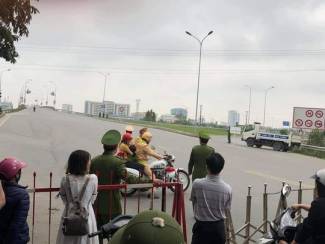 Cấm đường tiễn đo&agrave;n Chủ tịch Kim Jong-un, CSGT d&ugrave;ng xe đặc chủng đưa 2 mẹ con đi cấp cứu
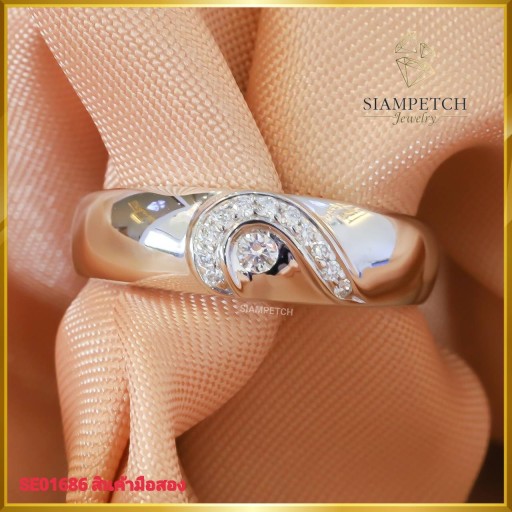 แหวนเพชแท้ ดีไซน์เก๋ ฝังบนตัวเรือนทองคำขาว18K SE01686
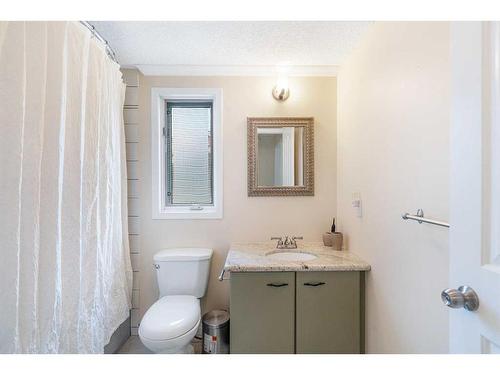 116 Sun Harbour Crescent Se, Calgary, AB - Indoor Photo Showing Bathroom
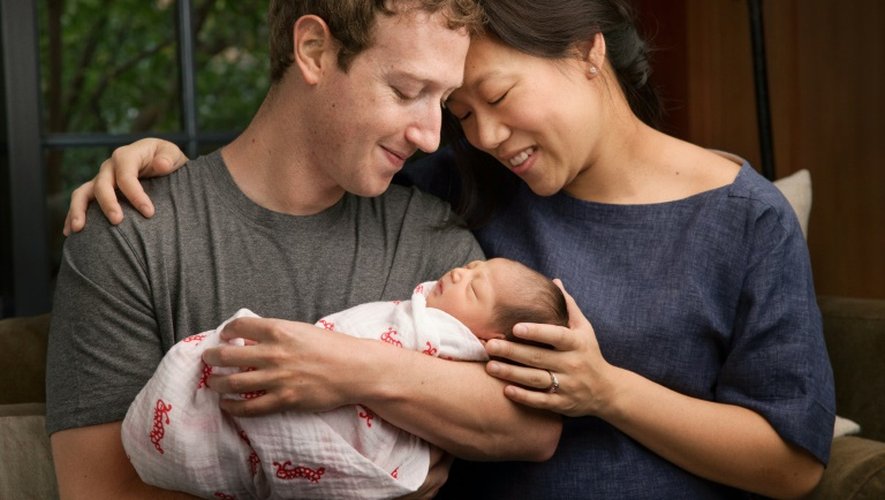 Image fournie par Mark Zuckerberg le montrant avec sa femme Priscilla et leur petite fille Max  le 1er décembre 2015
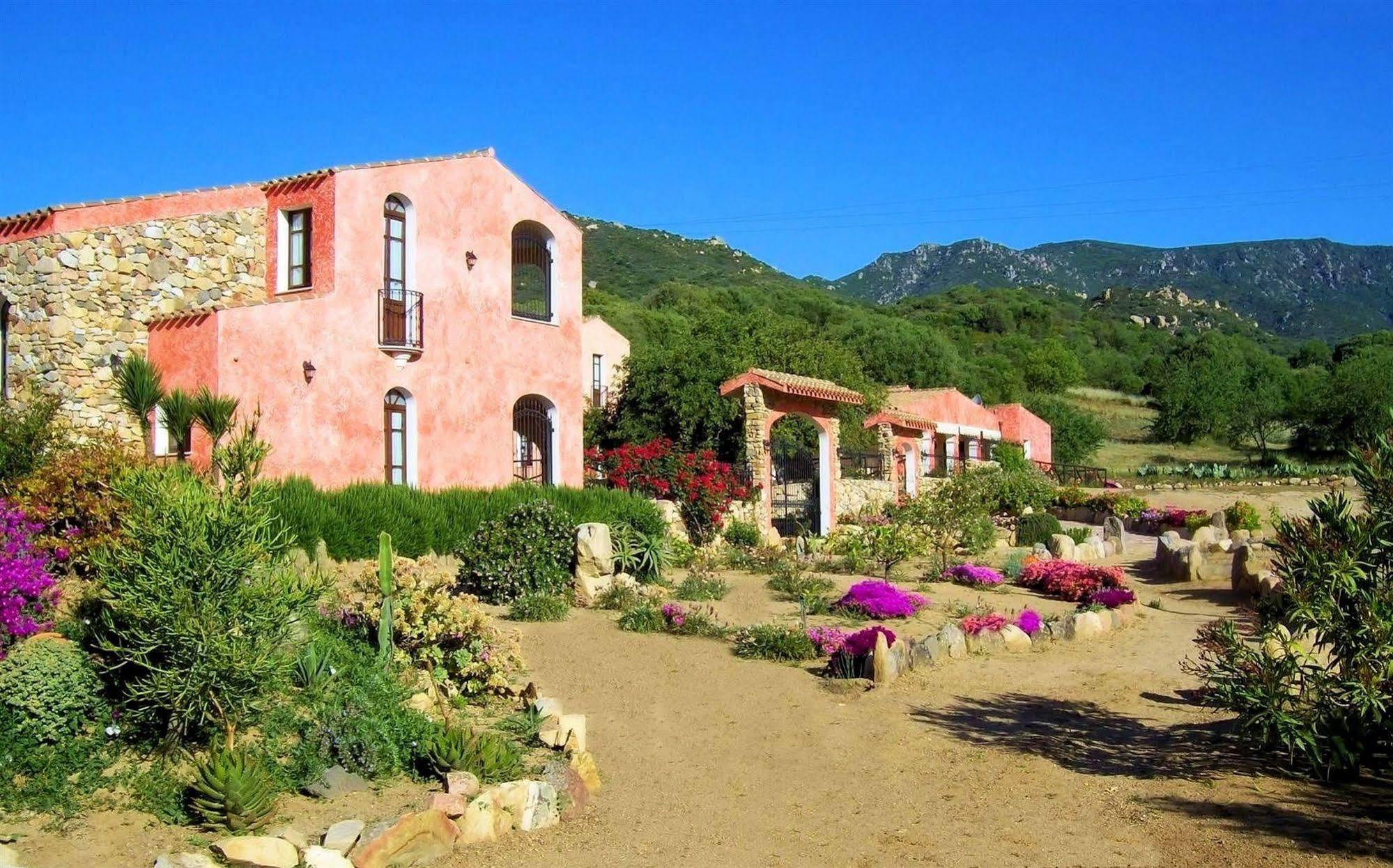Hotel La Corte Rosada Villasimius Eksteriør bilde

◆ ◆ ◆ ◆ ◆ ◆ ◆

Retype the whole of the data verbatim. Skip every picture.

 Cấm đường tiễn đo&agrave;n Chủ tịch Kim Jong-un, CSGT d&ugrave;ng xe đặc chủng đưa 2 mẹ con đi cấp cứu
 แหวนเพชแท้ ดีไซน์เก๋ ฝังบนตัวเรือนทองคำขาว18K SE01686
 116 Sun Harbour Crescent Se, Calgary, AB - Indoor Photo Showing Bathroom
 Image fournie par Mark Zuckerberg le montrant avec sa femme Priscilla et leur petite fille Max  le 1er décembre 2015
Hotel La Corte Rosada Villasimius Eksteriør bilde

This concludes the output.